At the time of the album's release not only had most of the bands on it already have broken up, but many had gone on to start other bands, some of those bands also appear on the album. The Teen Idles had broken up in late 1980 and by the time of the release of Flex Your Head members had already started Minor Threat and Youth Brigade. The Untouchables broke up in 1981 and with the former members joining a multitude of bands including The Faith, The Warmers, Rites of Spring, One Last Wish, Skewbald, Happy Go Licky, Youth Brigade, and The Meatmen. State of Alert had also folded in early 1981 as singer Henry Garfield had joined Black Flag. Minor Threat had disbanded (although they would reunite a few months after the album's release) and since then Ian MacKaye and Jeff Nelson had founded Skewbald while Lyle Preslar joined an early version of Big Black. Youth Brigade and Red C both existed solely during 1981, and both Artificial Peace and Deadline would break up within a few months of the release of Flex Your Head, aside from Youth Brigade these band's only recorded output is on the compilation, though from those bands would come the longer lasting Beefeater, Marginal Man and Fugazi. Only Government Issue and Iron Cross would survive past the next year.

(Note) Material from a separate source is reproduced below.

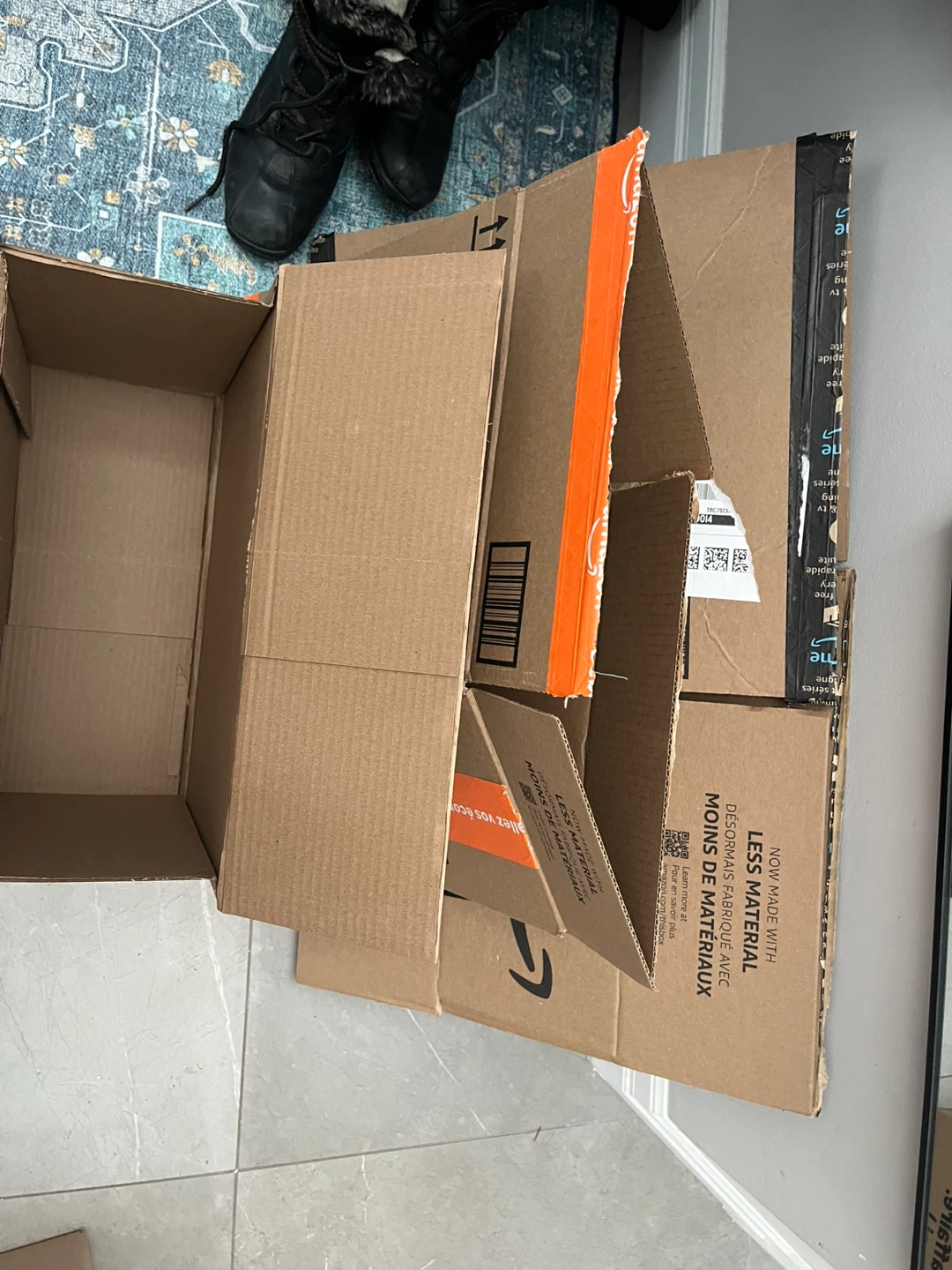 Free moving boxes and packing paper - photo 3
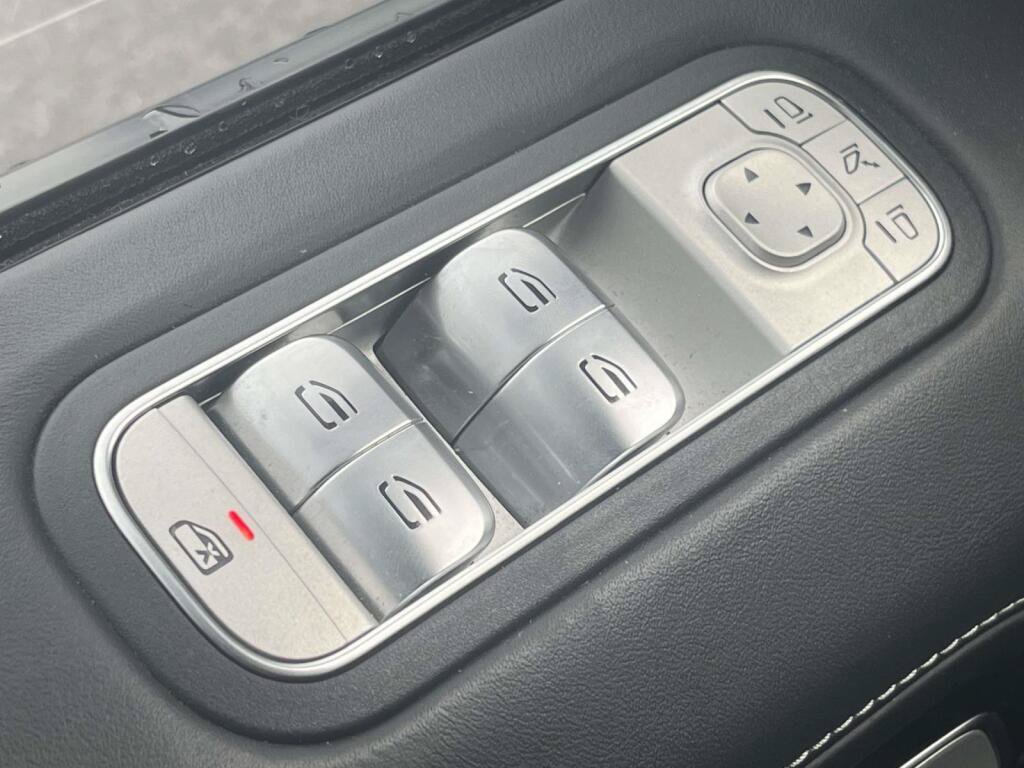 Used 2023 Mercedes-Benz G 550 image 29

The songs "12XU" and "Steppin' Stone" were extremely popular covers in the D.C. punk scene. "Steppin' Stone", which was performed by State of Alert on this album, was also covered by Minor Threat on their second EP In My Eyes, while the song "12XU" was so commonly covered that several shows would have multiple bands playing their renditions.

Recording
Flex Your Head was recorded between April 1980 and December 1981. The Teen Idles, Untouchables, and Red C songs were recorded at Hit and Run Studios with engineer Steve Carr, Iron Cross' tracks were recorded at C.A.B. Studios with engineer Tom Scott, while all the other songs were recorded at Inner Ear Studios with engineer Don Zientara.

Cover art
While the back cover of Flex Your Head has remained almost the same, its front cover has changed throughout the years. When the album was first released, featured a stock photography of a painting of a violin, roses, and sheet music. The second pressing, released almost immediately, came with a stock image of stalks of wheat. A third early cover, designed by Jeff Nelson and used for the British pressing of the album, displayed a black and white version of the flag of Washington, D.C. with the stars replaced by Xs. Later, in 1985, the record was re-released with a new cover featuring a blurry photo of a man in a hat, which was used until 2008. The most recent version, a variation in red and white of the D.C. flag cover from 1982, came in 2010 on a remastered LP re-release.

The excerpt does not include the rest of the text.